Recorded data ->
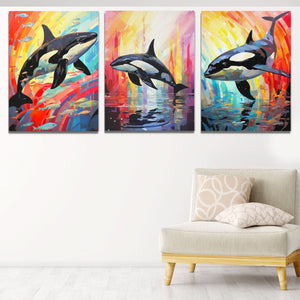 Rainbow Orca Pod (2) Set - Luxury Wall Art
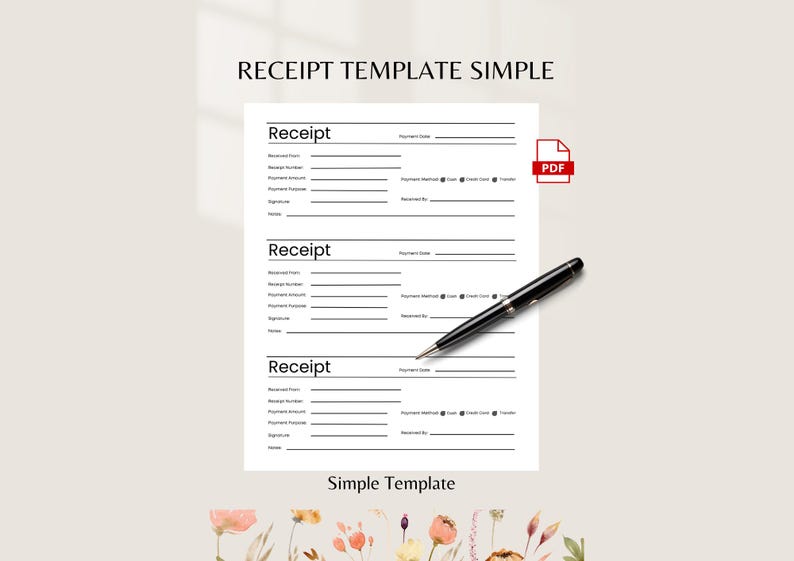 Editable PDF Receipt Template, Small Business Invoice (instant Download ...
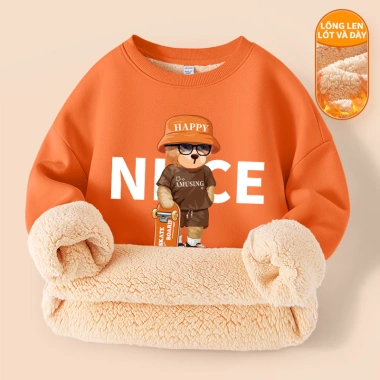 Áo Sweater Lông Cừu W.G.Q Dày Mùa Đông Cho Bé Trai & Bé Gái In Hình Gấu Ấm Áp
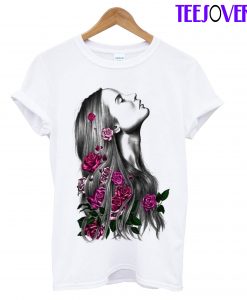 White And Black Girl Illustration T-Shirt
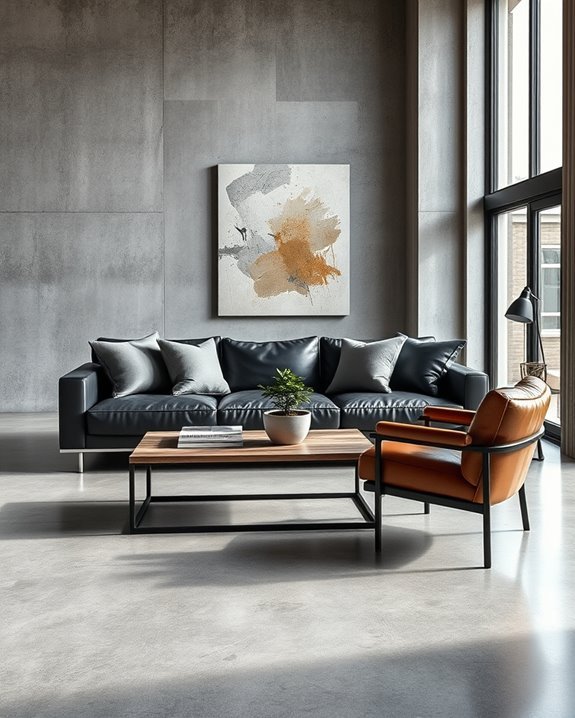 concrete and leather elegance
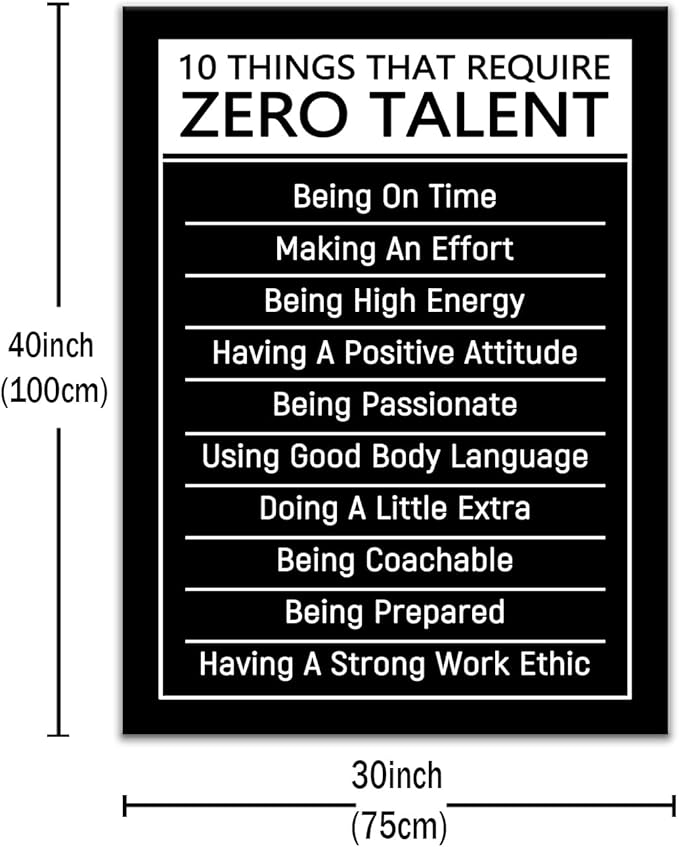 DINGFUN Extra Large Motivational Canvas Wall Art 10 Things That Require Zero Talent Framed Inspirational Quotes Prints Entrepreneur Success Decor for Startup Workspace Living Room, 40x30 Inch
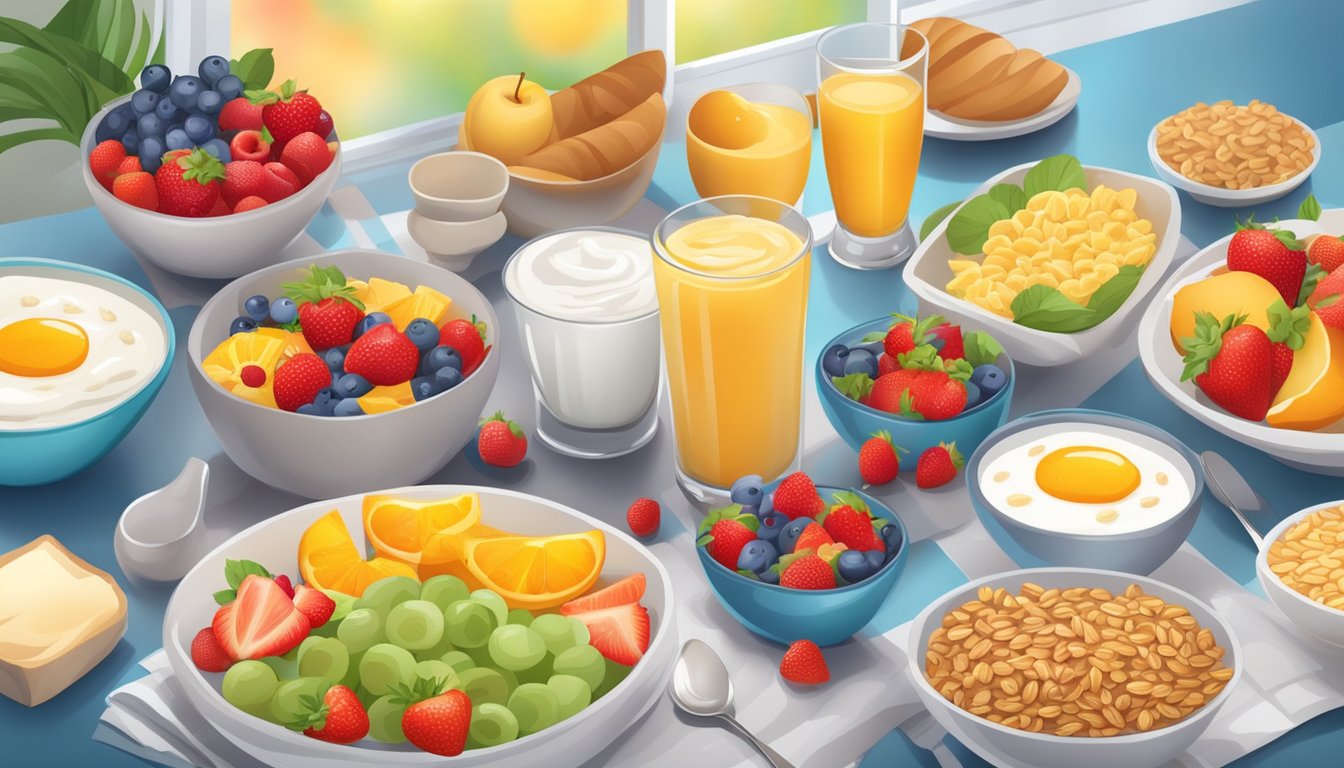 A colorful table set with a variety of healthy breakfast options, including fruits, whole grain cereals, yogurt, and milk, with cheerful decorations in the background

Task instructions ->
Which lines run from the one containing "White And Black Girl Illustration T-Shirt" through the last line of the entries above? Output them exactly, both ends included, with no pictures.

Written solution ->
 White And Black Girl Illustration T-Shirt
 concrete and leather elegance
 DINGFUN Extra Large Motivational Canvas Wall Art 10 Things That Require Zero Talent Framed Inspirational Quotes Prints Entrepreneur Success Decor for Startup Workspace Living Room, 40x30 Inch
 A colorful table set with a variety of healthy breakfast options, including fruits, whole grain cereals, yogurt, and milk, with cheerful decorations in the background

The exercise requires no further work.